The party and the regime were well-organized and dealt with crisis after crisis without any internal force being able to shake its foundation.
The information collected about Iraqi citizens was formidable and can easily be compared to the Stasi or the KGB during Stalin.
While the regime pretended from the late 1980s till its collapse that it has become more religious, the reality was that Saddam Hussein continued to be very secular and repression of any religious group continued unabated.
— What would surprise readers of the book the most?
Saddam Hussein was actually the most natural ally of the U.S. and the West: he fought Islamic fundamentalism long before 9/11; Wahhabism was banned from the mid-1990s and the death penalty imposed on any follower of that sect.

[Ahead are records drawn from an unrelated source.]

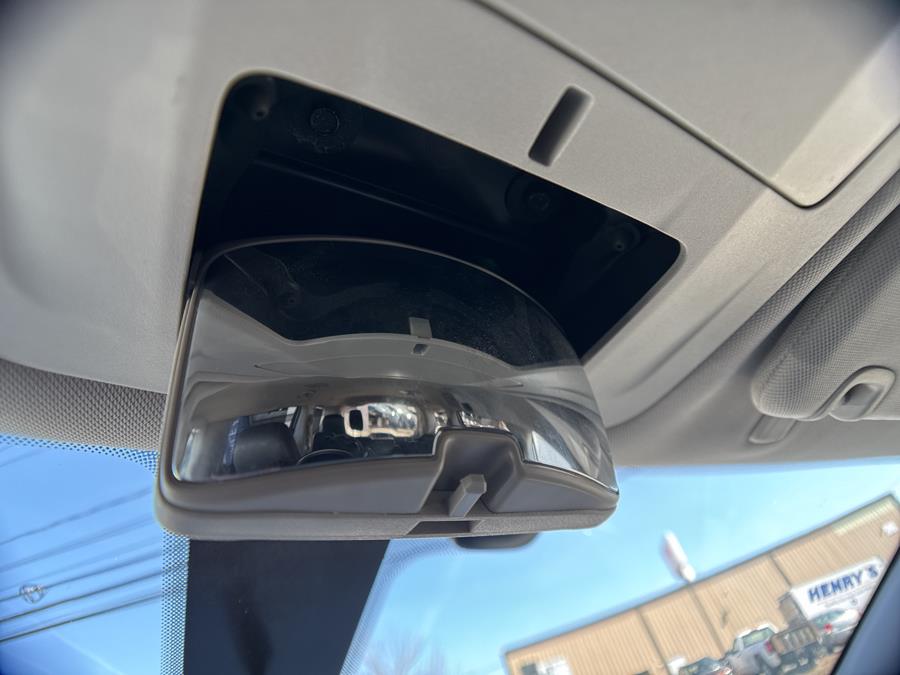 2018 Chrysler Pacifica Touring L, available for sale in NEW BRITAIN, Connecticut | Prestige Auto Superstore. NEW BRITAIN, Connecticut 2018 Chrysler Pacifica Touring L, available for sale in NEW BRITAIN, Connecticut | Prestige Auto Superstore. NEW BRITAIN, Connecticut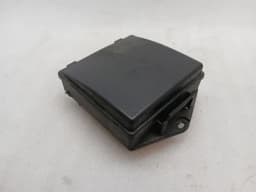 ASTON MARTIN Aston Martin Vanquish AM310 Fuse Box BG33-14A173-AB Fuse Box — thumbnail 10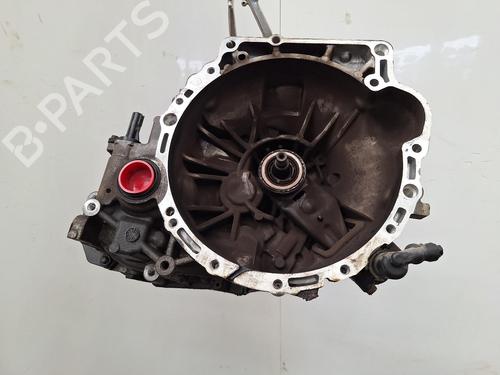 BP36916796M3 main image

Furthermore, he continued to see Iran as the main enemy of Iraq to his last moment. Thus the two enemies that the West is fighting today were the enemies of Saddam Hussein and he was determined to weaken both.
— Just how bad was Saddam Hussein? Was he truly evil?
The image of Saddam Hussein we had was somewhat incorrect. His personality was very complex and any attempt to generalize about it in one sentence is bound to fail. While he was ruthless and determined to uproot any opposition, many of those who worked with him said he was also caring and attentive. All cabinet meetings of what was called the Revolutionary Council were taped; there are about 1,200 hours of those recordings at the National Defense University in Washington DC.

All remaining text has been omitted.